Our instruments save lives in the most demanding environments. By using them in contaminated areas, they get contaminated themselves.
With chemicals, contaminated water, dust, asbestos, anything that gets carried by air or water.
When you work with instruments in contaminated environments, make sure it is properly calibrated. Also make sure all the filters are in place, because preventing part of the contaminations from entering the instrument saves wear, time and cost when cleaning them. If you work in high concentration environments, make sure you have the right sensor. Sometimes, even dilution kits are available to save the sensor and internals of the instrument.
With that out of the way, what happens when a contaminated instrument enters our technical department?
Our customers are asked to mention when they send their instruments to us, whether or not the instrument has been contaminated. So, we have practices in place to make sure we can handle them safely and efficiently. When the instrument is dropped off, we ask about contamination once more.
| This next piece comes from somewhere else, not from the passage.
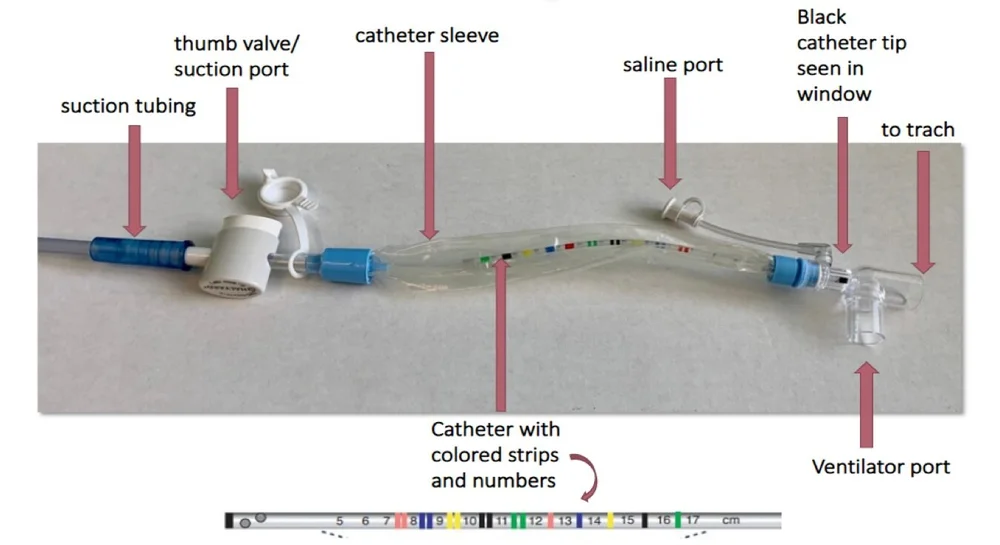 HINT How do I perform inline suctioning using a closed system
When in doubt, our first step is to measure the surrounding air of the instrument with a high resolution PID instrument, like a ppbRAE or UltraRAE. When an instrument is contaminated, we work on a special bench with an extractor hood to ensure our safety. Also, we have developed best practices to prevent asbestos contamination for our employees.
Every instrument is thoroughly cleaned inside and out. Contaminated parts that are beyond cleaning are replaced. After that, functionality is checked and the instrument is calibrated. An as good as new instrument leaves the service department with traceable certificates on their way.
These practices and tools make sure we can service contaminated instruments without further ado, practically not even losing time on them. That’s why we can still promise our best-in-market service lead times, even on contaminated equipment.